The evaluation takes place in the form of REST API (GET) calls to the ServiceNow Change Request API. The ADO Quality Gate collects samples in a defined interval (minimum 5 minutes) to determine the Change Request state based on quality gate success criteria. If the success criteria are satisifed after two consequent 5-minute samples, then the Pipeline stage proceeds with the deployment.
The Pipeline stage can be configured with an Agentless Task, which uses the “Update ServiceNow Change Request” Task to change the state of the linked ServiceNow Change Request to “Support”. This Task also adds a “Work Note” to the ServiceNow Change Request with the Pipeline Release name, Team Project, and link to the Pipeline run.
GHEC EMU “main” Branch Policy Protection
Protecting the “main” Branch of each repository from unauthorized/accidental deletion or change on protected rules
NOTE: This solution was developed and enforced prior to GitHub providing the modern branch rulesets on the Enterprise, Organization, and Repository levels.
GHEC | Front Door | Function App |
---|---|---|
![]() |
![]() |
![]() |
The solution allows GHEC Enterprise and Organization Administrators to set an “enforced” branch policy for the “main” branch of each GHEC EMU Enterprise so that users with repo “admin” role cannot intentionally or accidentally delete the “main” branch and/or override “protected” branch policy rules. Repo Admins are however allowed to add extra rules to the “main” branch policy.
Value Added
- Overcome the repository “admin” role GHEC limitation where repo “admin” can delete and/or change branch policy protections and/or rules.
- Uniformely protect the “main” branch of each GHEC EMU repo in all managed Organizations
- Allow for added-on protection rules in the “main” branch policy protection, while retaining and enforcing the “protected” rules
Solution Architecture
The solution is using an Enterprise set Webhook which is set to monitor for “branch protection rules” events. The webhook is also “linked” with an Azure Front Door URL where it is sendign the payload whenever it is triggered by the set event.
In Azure, the Azure Front Door is receiving the payload from GHEC and then based on Rule Sets, it forward the payload to one of the two HTTP-Triggered Function Apps which are set on Azure Front Door through Origin Groups.
These two HTTP-Triggered Function Apps are set in an “active-active” setting to provide geo-reduduncy to the solution.
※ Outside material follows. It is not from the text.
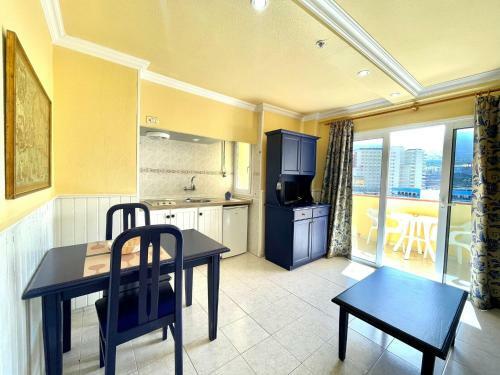 Apartmento A 150m de Playa, Con Piscina Climatizada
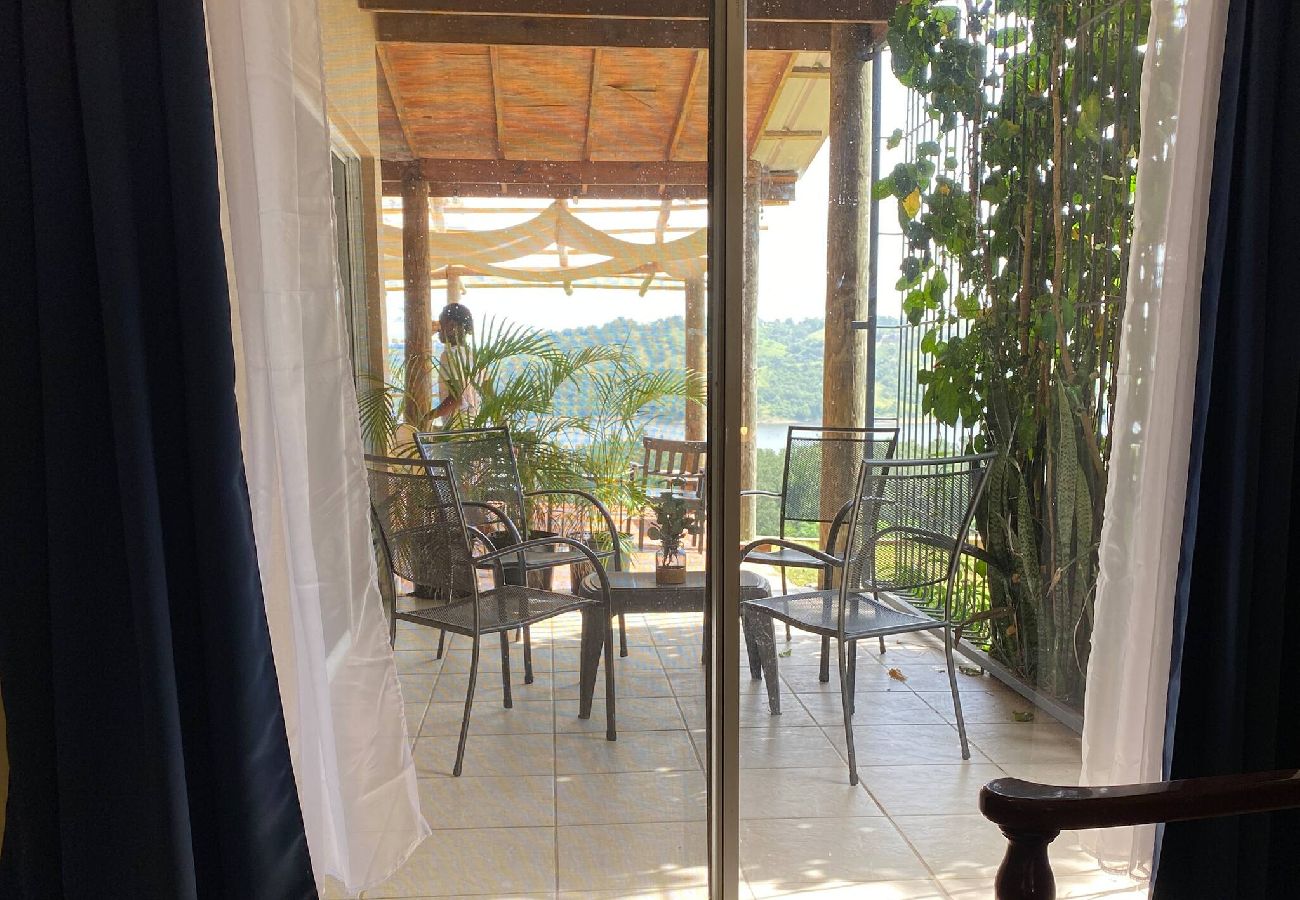 Alquiler por habitaciones en El Caimito - Villas del Lago Resort | Family suite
When the Function App retrieves the payload from Azure Front Door, it runs a PowerShell script which based on the payload content, it calls back the GHEC Repo from which the “policy change” event originated, and through GitHub REST APIS, either it restores the “main” branch policy if it has been deleted, or restores the individual policy rules inside the “main” branch policy object, if they have been changed fron the values enforced.